- _Exercise_
The data below holds a line containing "CLAAS Axion 930 Traktorit" and a line containing "Interior, Wooden Walls"; please quote exactly those two lines and every line between them, and nothing else.

- _Materials provided_

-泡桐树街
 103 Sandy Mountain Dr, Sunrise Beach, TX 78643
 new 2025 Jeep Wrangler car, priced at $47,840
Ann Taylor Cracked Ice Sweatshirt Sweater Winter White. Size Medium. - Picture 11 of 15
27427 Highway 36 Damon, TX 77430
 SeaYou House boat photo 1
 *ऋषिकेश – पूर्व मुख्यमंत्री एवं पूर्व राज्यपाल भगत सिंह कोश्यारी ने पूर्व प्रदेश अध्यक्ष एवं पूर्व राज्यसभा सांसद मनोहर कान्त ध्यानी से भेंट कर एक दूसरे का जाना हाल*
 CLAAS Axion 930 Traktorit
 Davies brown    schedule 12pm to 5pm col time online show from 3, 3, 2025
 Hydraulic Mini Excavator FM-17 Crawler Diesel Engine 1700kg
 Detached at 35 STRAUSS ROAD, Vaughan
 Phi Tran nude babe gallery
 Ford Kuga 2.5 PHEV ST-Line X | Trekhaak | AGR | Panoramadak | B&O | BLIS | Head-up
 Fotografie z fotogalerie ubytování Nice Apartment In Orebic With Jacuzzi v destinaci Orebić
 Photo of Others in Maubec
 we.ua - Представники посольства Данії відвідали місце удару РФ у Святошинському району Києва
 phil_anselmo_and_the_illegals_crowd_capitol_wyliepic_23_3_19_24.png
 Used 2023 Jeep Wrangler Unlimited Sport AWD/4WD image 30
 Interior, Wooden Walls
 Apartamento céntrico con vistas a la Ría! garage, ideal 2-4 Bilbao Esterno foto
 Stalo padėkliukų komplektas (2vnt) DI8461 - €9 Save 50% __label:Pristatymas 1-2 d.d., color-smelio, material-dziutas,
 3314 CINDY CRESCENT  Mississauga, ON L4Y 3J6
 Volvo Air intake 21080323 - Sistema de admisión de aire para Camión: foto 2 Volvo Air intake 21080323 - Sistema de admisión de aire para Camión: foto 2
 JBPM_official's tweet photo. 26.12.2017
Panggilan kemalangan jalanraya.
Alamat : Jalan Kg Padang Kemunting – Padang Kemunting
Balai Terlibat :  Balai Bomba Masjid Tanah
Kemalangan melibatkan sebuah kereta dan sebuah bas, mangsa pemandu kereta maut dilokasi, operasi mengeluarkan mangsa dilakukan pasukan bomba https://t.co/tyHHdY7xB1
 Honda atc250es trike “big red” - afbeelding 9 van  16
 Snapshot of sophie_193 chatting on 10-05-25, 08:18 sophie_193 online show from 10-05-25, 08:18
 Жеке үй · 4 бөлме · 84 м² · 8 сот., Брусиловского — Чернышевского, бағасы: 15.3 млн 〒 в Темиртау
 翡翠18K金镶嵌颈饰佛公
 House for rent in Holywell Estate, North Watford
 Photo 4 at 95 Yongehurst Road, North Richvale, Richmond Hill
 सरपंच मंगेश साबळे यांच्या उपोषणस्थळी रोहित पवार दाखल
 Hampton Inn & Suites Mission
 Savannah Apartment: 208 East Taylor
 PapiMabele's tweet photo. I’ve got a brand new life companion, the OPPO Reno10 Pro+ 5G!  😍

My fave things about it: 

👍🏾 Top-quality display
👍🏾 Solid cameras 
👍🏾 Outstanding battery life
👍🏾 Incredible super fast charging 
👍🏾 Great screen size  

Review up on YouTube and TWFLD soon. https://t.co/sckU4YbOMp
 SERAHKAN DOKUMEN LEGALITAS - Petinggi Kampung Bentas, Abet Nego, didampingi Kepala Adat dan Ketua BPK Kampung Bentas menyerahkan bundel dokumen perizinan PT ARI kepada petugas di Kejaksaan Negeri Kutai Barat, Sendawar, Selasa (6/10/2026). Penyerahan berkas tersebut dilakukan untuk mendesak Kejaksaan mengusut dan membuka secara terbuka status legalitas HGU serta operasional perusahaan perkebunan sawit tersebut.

- _Response to the exercise_
 CLAAS Axion 930 Traktorit
 Davies brown    schedule 12pm to 5pm col time online show from 3, 3, 2025
 Hydraulic Mini Excavator FM-17 Crawler Diesel Engine 1700kg
 Detached at 35 STRAUSS ROAD, Vaughan
 Phi Tran nude babe gallery
 Ford Kuga 2.5 PHEV ST-Line X | Trekhaak | AGR | Panoramadak | B&O | BLIS | Head-up
 Fotografie z fotogalerie ubytování Nice Apartment In Orebic With Jacuzzi v destinaci Orebić
 Photo of Others in Maubec
 we.ua - Представники посольства Данії відвідали місце удару РФ у Святошинському району Києва
 phil_anselmo_and_the_illegals_crowd_capitol_wyliepic_23_3_19_24.png
 Used 2023 Jeep Wrangler Unlimited Sport AWD/4WD image 30
 Interior, Wooden Walls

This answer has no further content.